Stuck on an issue?

Lightrun Answers was designed to reduce the constant googling that comes with debugging 3rd party libraries. It collects links to all the places you might be looking at while hunting down a tough bug.

And, if you’re still stuck at the end, we’re happy to hop on a call to see how we can help out.

Consider defaulting k8s_api_threadpool_workers to c.JupyterHub.concurrent_spawn_limit

See original GitHub issue

c.KubeSpawner.k8s_api_threadpool_workers defaults to 5*ncpu [1] which is what a ThreadPoolExecutor in python defaults to as well [2]. The description of that option says:

Increase this if you are dealing with a very large number of users.

In our setup the core node where the hub pod runs is a 4CPU node because the hub doesn’t go beyond 1CPU. This means that by default k8s_api_threadpool_workers only has 20 workers.

The c.JupyterHub.concurrent_spawn_limit option defaults to 100 [3] but in zero-to-jupyterhub-k8s is set to 64 [4].

It seems that if you have a lot of users logging in and spawning notebook pods at the same time, like at the beginning of a large user event, you would want k8s_api_threadpool_workers aligned with concurrent_spawn_limit otherwise those spawn requests could be waiting on the thread pool.

We could default k8s_api_threadpool_workers to concurrent_spawn_limit or at least mention the relationship in the config option help docs between the two options.

[1] https://github.com/jupyterhub/kubespawner/blob/5521d573c272/kubespawner/spawner.py#L199 [2] https://docs.python.org/3/library/concurrent.futures.html#concurrent.futures.ThreadPoolExecutor [3] https://jupyterhub.readthedocs.io/en/stable/api/app.html#jupyterhub.app.JupyterHub.concurrent_spawn_limit [4] https://github.com/jupyterhub/zero-to-jupyterhub-k8s/blob/e4b9ce7eab5c17325e93975de1d6b4a200d47cd8/jupyterhub/values.yaml#L16

Issue Analytics

State:
Created 3 years ago
Reactions:4
Comments:9 (6 by maintainers)

Top GitHub Comments

2reactions

betatimcommented, Jul 22, 2020

To decide if the thread pool size needs to be bigger or not I think we need a measurement off how many requests to use the threadpool end up having to wait.
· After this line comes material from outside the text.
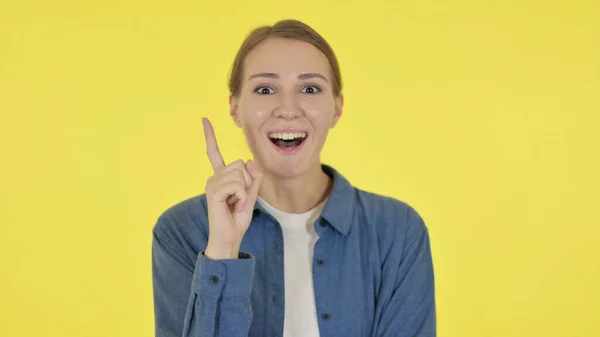 Umtriebige junge Frau bringt Idee auf den gelben Hintergrund — Stockfoto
My intuition is similar to Erik’s in that I think each spawn should only use a slot in the threadpool for a second or so while it is sending the POST request. Maybe that isn’t true though which is where some measurements of how long these requests take and how often a request ends up getting queued before being executed would help.

1reaction

mriedemcommented, Jul 22, 2020

@consideRatio thanks for digging into this in detail.

I did change c.KubeSpawner.k8s_api_threadpool_workers to match c.JupyterHub.concurrent_spawn_limit in our z2jh extraConfig value like this:

c.KubeSpawner.k8s_api_threadpool_workers = c.JupyterHub.concurrent_spawn_limit

I’m assuming that worked since the hub started up fine but I’m not sure if the value was actually assigned correctly since I don’t know how to dump the hub’s settings at runtime [1].
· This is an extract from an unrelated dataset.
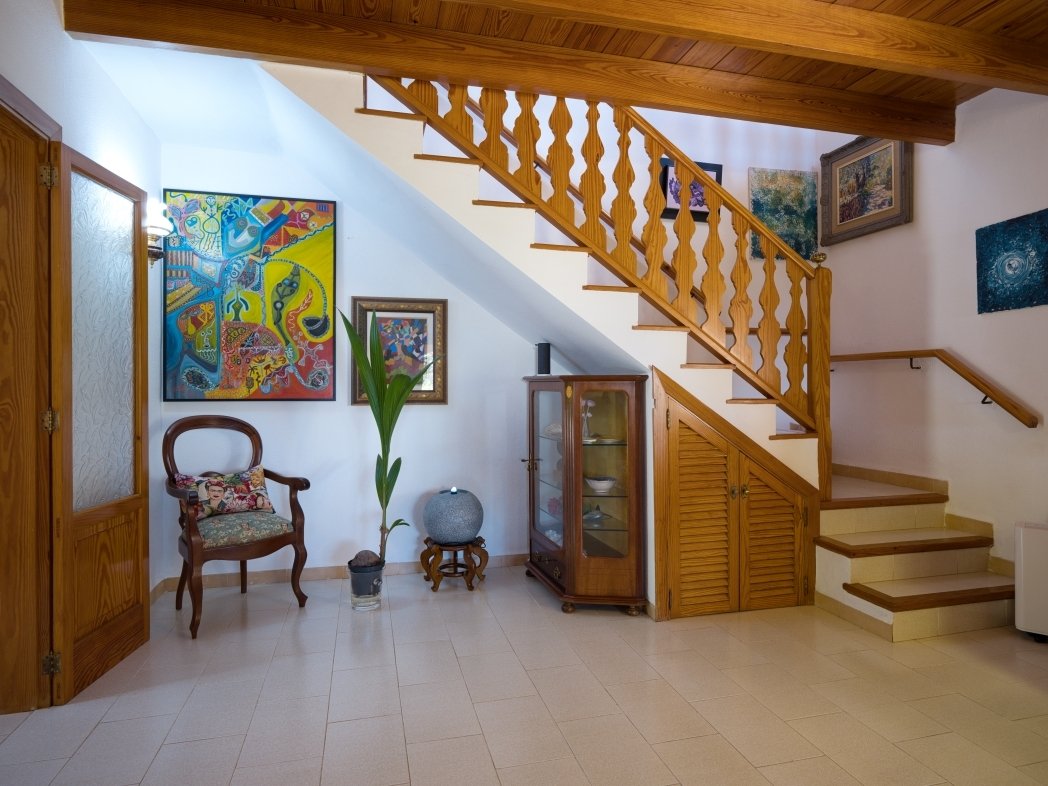 Vestíbulo representativo con elegante escalera de madera y distribución abierta del espacio Vestíbulo representativo con elegante escalera de madera y distribución abierta del espacio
Assuming it was correctly configured, I ran a load testing script to create 400 users (POST /users), start the user notebook servers (pods) in batches of 10 (using a ThreadPoolExecutor since the POST /users/{name}/server API can take a bit, about ~7-10 seconds in our environment), and then wait for them to be ready: True.

Comparing times between having c.KubeSpawner.k8s_api_threadpool_workers at the default (20 for us on a 4CPU core node) and then set to c.JupyterHub.concurrent_spawn_limit (64 per z2jh), it was slightly faster but only about 3% which is probably in the margin of error; I’m guessing if I ran both scenarios more times and averaged them out the gain wouldn’t be very noticeable. This likely reinforces the idea that the thread pool size is not an issue.

As for how this could be measured, I’m not really sure how to measure the time spent waiting in the pool for a Future to be executed. It might be possible to track overall time spent for the Future by using add_done_callback and passing in a partial function which has a start time and then calculates the end time when the callback is called to get the overall time spent for the Future, but that wouldn’t really tell us how long the Future is sitting in the pool, though it could be a reasonable warning flag if you set some threshold and log a warning if a request took x number of seconds to complete. I don’t see an easy way to track wait time in the thread pool from the standard library and sub-classing ThreadPoolExecutor to time things doesn’t seem like much fun either (guess it depends on your idea of fun). Other ideas?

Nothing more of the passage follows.